The Sun Hostel
No primeiro andar de um edifício pombalino, a metros da Praça Marquês de Pombal, The Sun Hostel é a base mais barata para explorar Vila Real de Santo António. Dormitórios e quartos privados a preço de mochileiro, com a marina e o Guadiana à porta.
The Sun Hostel: dormir barato no centro geométrico de Vila Real de Santo António
Vila Real de Santo António é uma cidade que se lê como uma planta arquitectónica. As ruas cruzam-se em ângulos rectos, as fachadas alinham-se com precisão militar, e a Praça Marquês de Pombal funciona como o coração de uma grelha urbana que o Marquês mandou construir de raiz em 1774. Se quiser perceber como Pombal desenhou esta cidade à régua e ao esquadro, o melhor é dormir dentro dela.
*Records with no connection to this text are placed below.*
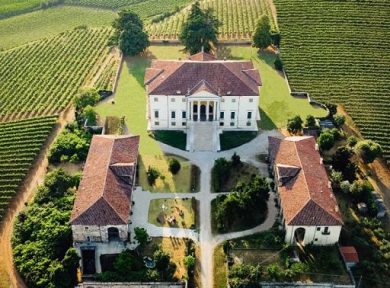 Vino, Cielo e Terra approva il bilancio 2025: ricavi oltre 67 mln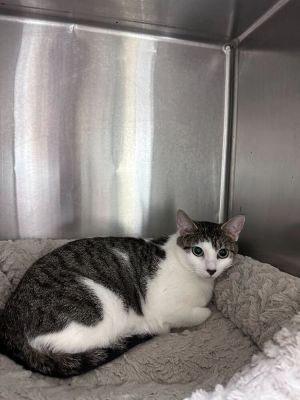 Name Daisy Age 1 Year 6 Months Breed Domestic Shorthair Tabby Gender Female Meet Daisy Daisy is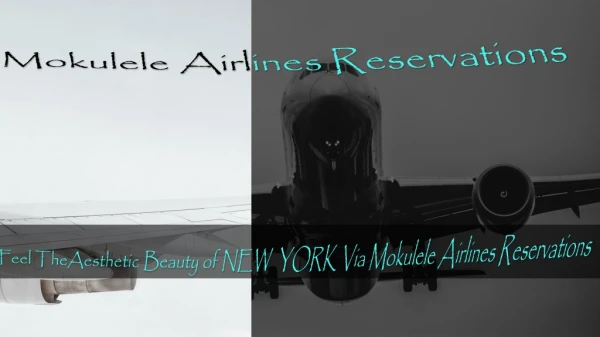 Feel The Aesthetic Beauty Of New York Via Mokulele Airlines Reservations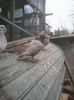 Photo0225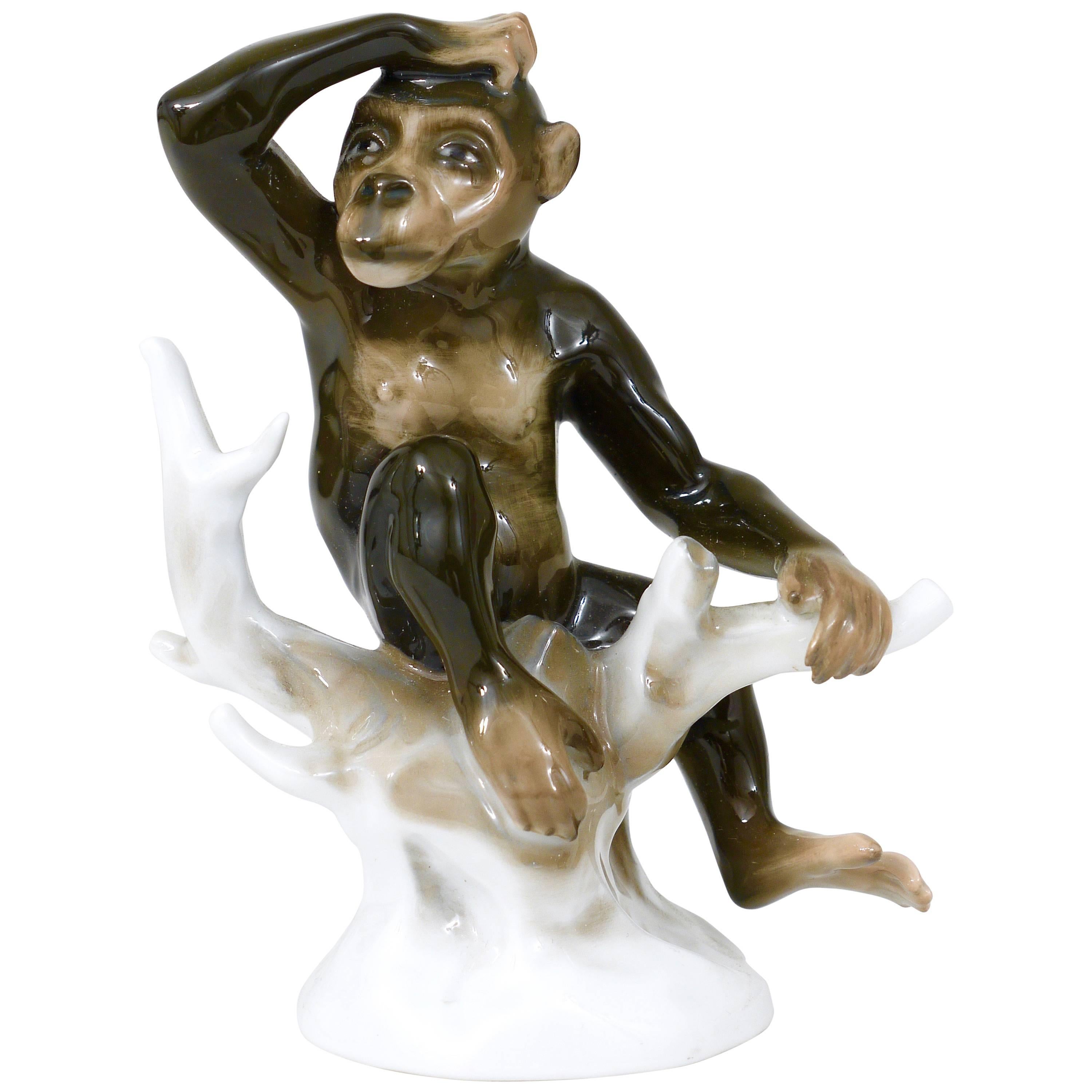 Monkey on a Branch, Porcelain Figurine by Otto Eichwald, Rosenthal, Germany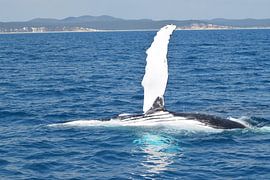 Speelse silhouet van een bultrug van Bianca Bianca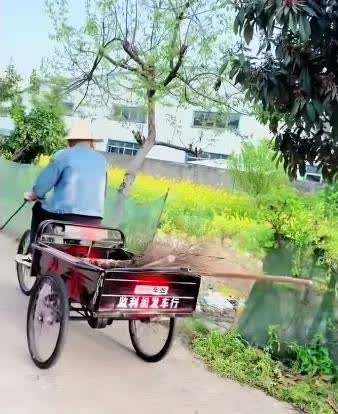 正值清明时节，孙海洋夫妇回到湖北监利的老家祭祖，夫妻二人共患难，同担当，一起走过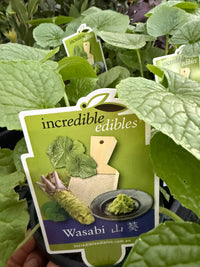 Wasabi 'Green Thumb' (Wasabia japonica) - Ladybird Nursery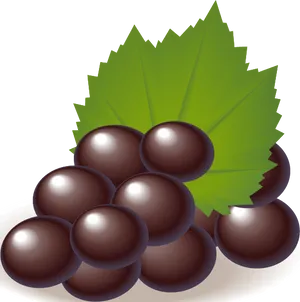 Chocolate Truffleson Leaf Vector PNG image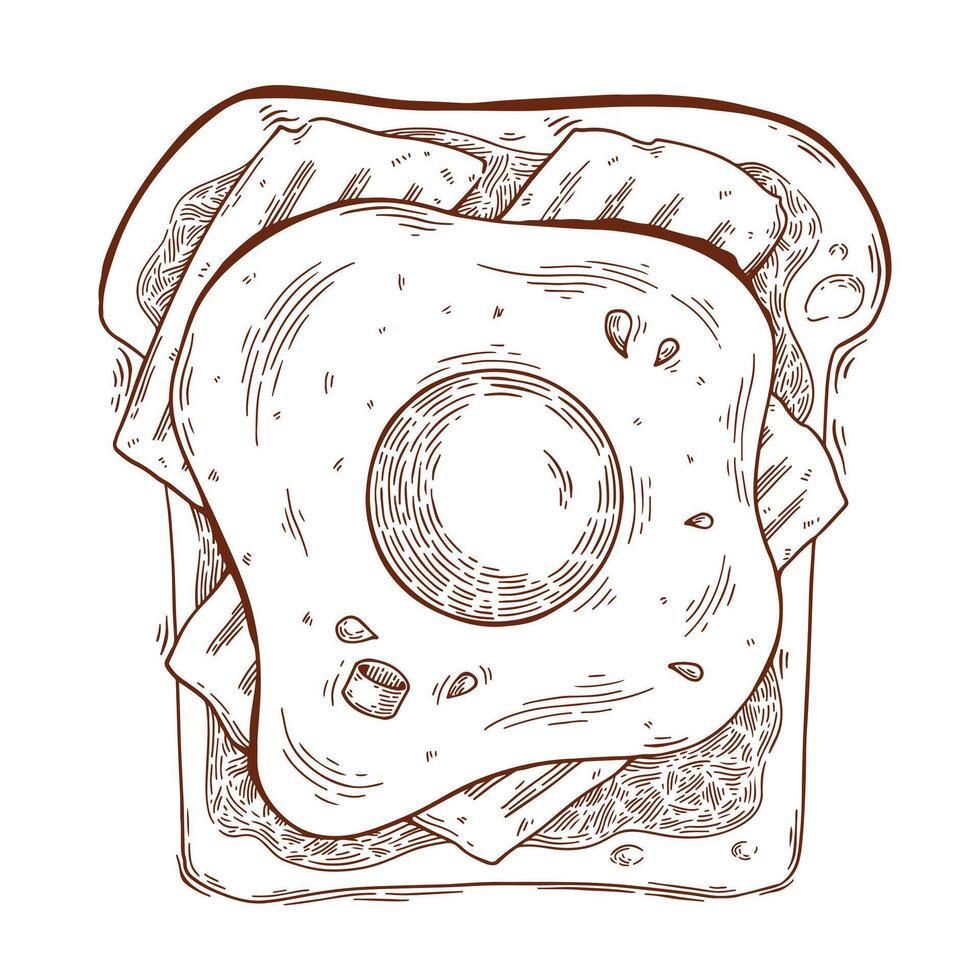 Egg and bacon on a toast bread. Hand drawn line art illustration. Detailed food drawing for packaging, advertisement, menu vector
E dormir barato, de preferência, porque o dinheiro que poupa no alojamento vai direitinho para o peixe grelhado à beira do Guadiana.
The Sun Hostel ocupa o primeiro andar de um edifício na Rua Conselheiro Frederico Ramirez nº13, a poucos metros da praça central. A morada é tão central quanto possível nesta cidade compacta. Estamos a falar de dois ou três minutos a pé até à marina, cinco minutos até à marginal do rio, e praticamente nada até ao café mais próximo para o galão da manhã.
O espaço e o que esperar
Isto não é um hotel boutique nem pretende ser. É um hostel de orçamento apertado, com camas em dormitório e quartos privados, que cumpre o que promete: uma base limpa e funcional para explorar o Sotavento algarvio sem rebentar o orçamento. O símbolo € diz tudo. Se procura robes de banho e minibar, está no sítio errado. Se procura um sítio para largar a mochila, tomar um duche e sair para a rua, está no sítio certo.
O hostel situa-se na zona histórica, rodeado pela arquitectura pombalina que define o urbanismo iluminista da cidade. As ruas em redor são calmas, planas e fáceis de percorrer a pé. Não há colinas para subir, não há becos confusos. A malha ortogonal de Pombal é, ironicamente, o melhor GPS que vai encontrar no Algarve.
Dicas práticas
Reserve com antecedência no Verão. Vila Real de Santo António pode não ter a fama de Lagos ou Albufeira, mas os viajantes que conhecem sabem que este canto do Algarve tem praias menos concorridas e preços mais honestos. Em Abril e Maio, a história é diferente: vai encontrar disponibilidade com facilidade e praias praticamente desertas como bónus.
Para contactar directamente, ligue para o +351 281 511 734 ou consulte o site oficial em thesunhostel.wordpress.com. Confirme directamente as condições de check-in e check-out, já que os horários não estão disponíveis online de forma consistente. Leve dinheiro para os pequenos comércios da zona, embora o hostel provavelmente aceite cartão. Confirme antes de chegar.
O que fazer à volta
A grande vantagem desta localização é a proximidade ao rio e à fronteira espanhola. O ferry para Ayamonte demora minutos e custa pouco. Pode almoçar tapas em Espanha e jantar sardinha grelhada em Portugal no mesmo dia, o que é uma forma perfeitamente válida de gastar um dia de férias.
A marina é o ponto de partida óbvio para passeios de barco, e a marginal do Guadiana convida a caminhadas ao fim da tarde, quando a luz dourada faz o seu trabalho sobre a água. Para uma excursão de meio dia, o miradouro de Cacela Velha é obrigatório: a vista sobre a Ria Formosa justifica os vinte minutos de carro.
A gastronomia local gira em torno do peixe e do marisco, como em todo o Sotavento. Procure os restaurantes mais pequenos nas ruas secundárias, onde o peixe do dia vem escrito num quadro e o preço não inclui a taxa de turista. O atum e as conquilhas são especialidades da zona. Peça-os sem medo.
Para quem é este hostel
Mochileiros, viajantes solo, casais com orçamento controlado, e qualquer pessoa que prefira gastar dinheiro em experiências do que em almofadas decorativas. Se está a fazer a costa algarvia de leste para oeste, ou se quer uma base para explorar o lado menos turistificado do Algarve, The Sun Hostel serve o propósito sem complicações.
Não espere luxo. Espere localização, preço justo e a possibilidade de estar no centro de uma cidade com história real, desenhada por um dos homens mais poderosos do Portugal setecentista, por menos do que pagaria por um jantar medíocre em Vilamoura.